Gravitational self-lensing of Fast Radio Bursts in neutron star magnetospheres: II. Applications to strong repeaters and the CHIME population

TL;DR

This paper applies a gravitational self-lensing model of neutron star magnetospheres to explain various features of FRB populations, including energy distributions and geometrical constraints, and compares predictions with FAST and CHIME data.

Contribution

It demonstrates that the gravitational self-lensing model can account for observed FRB properties and constrains the system geometry and source orientation.

Findings

FRB energy distribution from FRB 20121102A explained by antipodal hotspots

System geometry constrained to within 2 degrees for certain repeaters

Model predictions align with CHIME FRB fluence and distance distributions

Abstract

Paper I in this series introduced a model in which seed radio bursts produced by a hotspot anchored in the magnetosphere of a highly-magnetic neutron star (NS) are greatly amplified by strong gravitational self-lensing and thus give rise to Fast Radio Bursts (FRBs). Key features of the FRB population such as the observed dichotomy between repeating and non-repeating sources, their large luminosities and the high-energy power-law distribution of their bursts naturally arise in the model from the amplification dependence on the relative orientation of the rotation axis with respect to the hotspot and the line of sight. Here we compare the model predictions with Five-hundred-meter Aperture Spherical radio Telescope (FAST) data from repeaters and with the general population of FRBs. We find that the burst energy distribution from FRB 20121102A can be explained by assuming two antipodal hotspots in the NS magnetosphere, both producing seed bursts with the same log-normal energy distribution.

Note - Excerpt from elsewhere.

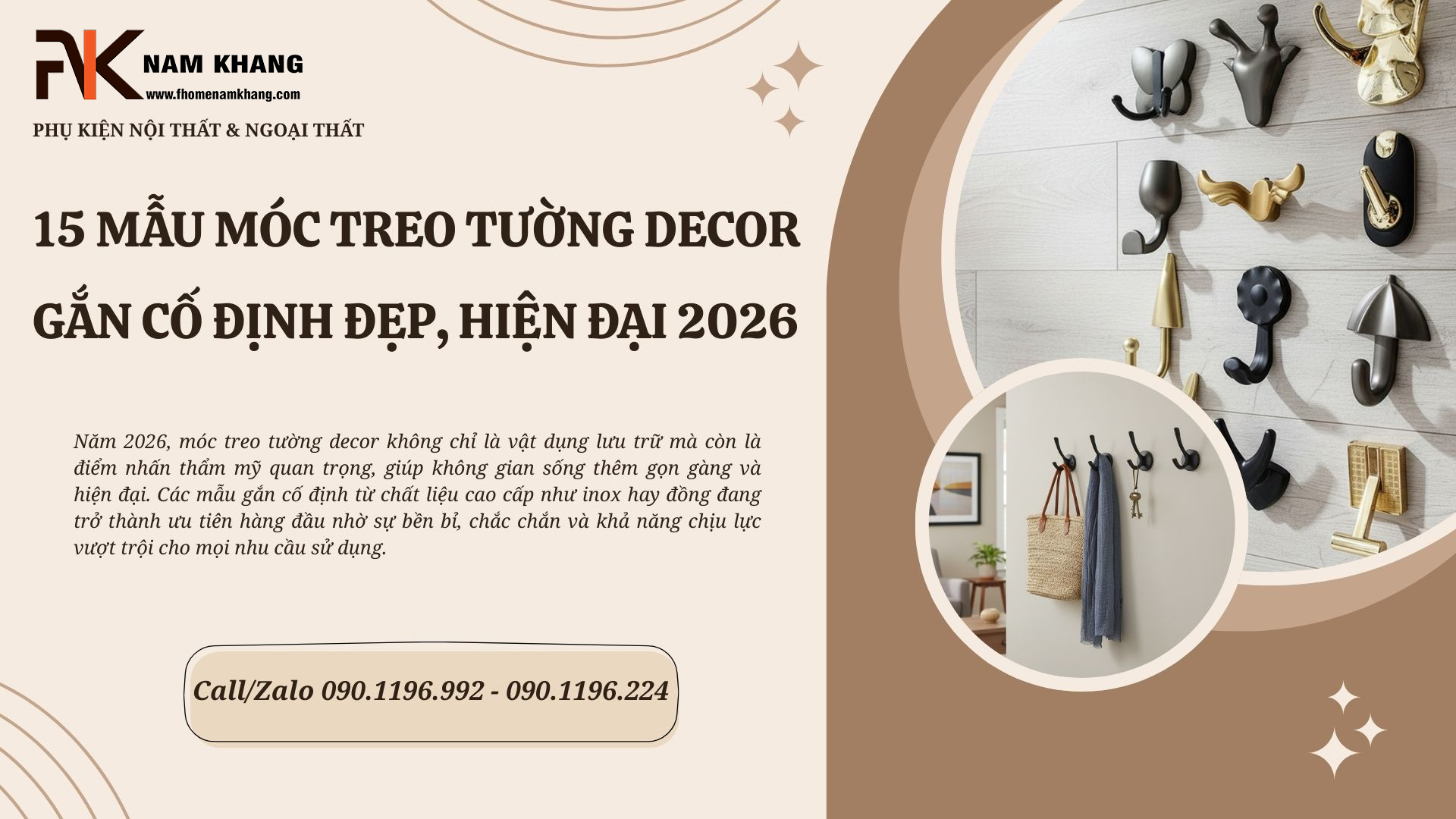 15 Mẫu móc treo tường decor gắn cố định đẹp, hiện đại 2026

This scenario implies a well-aligned system geometry, with the rotation axis, line of sight, and hotspot sites separated by $\lesssim 2${\deg}. Similar constraints are found for FRB 20201124A and FRB 20220912A, and weaker ones for FRB 20190520B, owing to its smaller burst sample. We also show that precession of the NS rotation axis can explain the time evolution of the burst energy distribution from FRB 20121102A as well as its temporary disappearance. In application to a cosmological population of randomly-oriented sources the model predicts distance and fluence distributions of FRBs in good agreement with those from a completeness-selected subsample of the first CHIME/FRB catalogue, provided the energy distribution of seed bursts spans a range of ${\sim10^{35}-10^{38}}$ erg.